In 2017, one of the largest icebergs in the world — the A-68 iceberg in Antarctica — went the way of every boy band ever and broke up. The solo career of one of the chunks off that massive block of ice, A-68a, has been a harrowing one. The former piece of iceshelf, once spanning 2,240 square miles and 761 feet thick, drifted dangerously close to the island of South Georgia — threatening to scrape the sea floor in the process — before eventually burning out. But, while the main crisis was avoided when the iceberg missed South Georgia and managed to avoid getting stuck, the impact of this huge hunk of out of place ice is just starting to be understood.
On Thursday, the European Space Agency revealed that A-68a has been flooding the ocean. As the iceberg melts from the warmer waters that it’s sitting in now, it has released a massive 168 billion tons of freshwater. According to the University of Leeds, that’s about 20 times the amount of water that occupies Loch Ness, or more water than it would take to fill 61 million Olympic-size swimming pools. It’s ... a lot.
It’s also not great for the surrounding ecosystems in South Georgia. While the melting, which was identified by the Center for Polar Observation and Modelling (CPOM) and British Antarctic Survey (BAS) via satellite measurements, was probably necessary in order to keep the iceberg from scraping the sea floor and causing irreparable damage, it’s also causing new problems. Packed into all that freshwater is a whole bunch of nutrients from the ocean that are not native to the sensitive ecosystem surrounding South Georgia.
The tiny island is surprisingly dense with at-risk and endangered species. It is home to seals, penguins, and birds, and serves as a feeding ground for migrating whales. The sudden influx of lots and lots of water packed with unfamiliar nutrients is going to have an impact on those creatures and their environment — though researchers aren’t sure if it will be a net positive or potentially destructive. Some experts have suggested that dust contained in the ice could help to fertilize plankton and improve the availability of food in the region. The ESA noted that the release of water will “[influence] the local ocean circulation,” and that scientists will have to keep watching to track the effects.

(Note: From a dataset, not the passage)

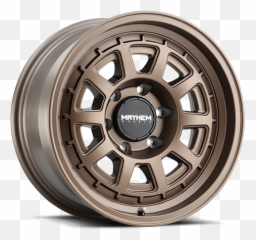 Mayhem Wheels Voyager - Mayhem Voyager 8303 Dark Bronze Png,Dark Voyager Png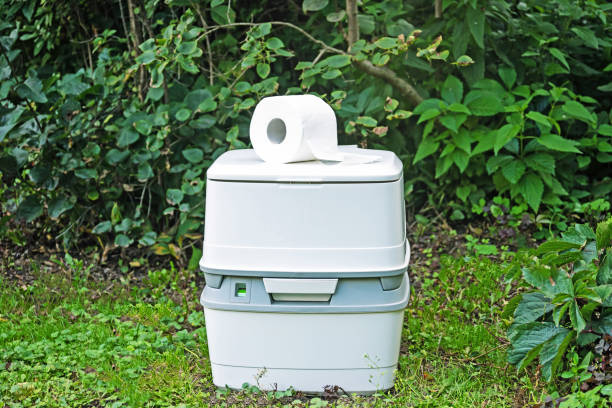 Best Porta potty delivery and setup  in Richwood, NJ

What ends up happening with A-68a is important, because it likely won’t be the last rogue iceberg to float its way into uncharted territory. Researchers noted that the path the block of former iceshelf ended up taking could be one that future iceberg splinters follow, too, and those will similarly affect the oceans they end up in. With A-68a, we’re basically living through a science experiment. Let’s hope it has positive effects.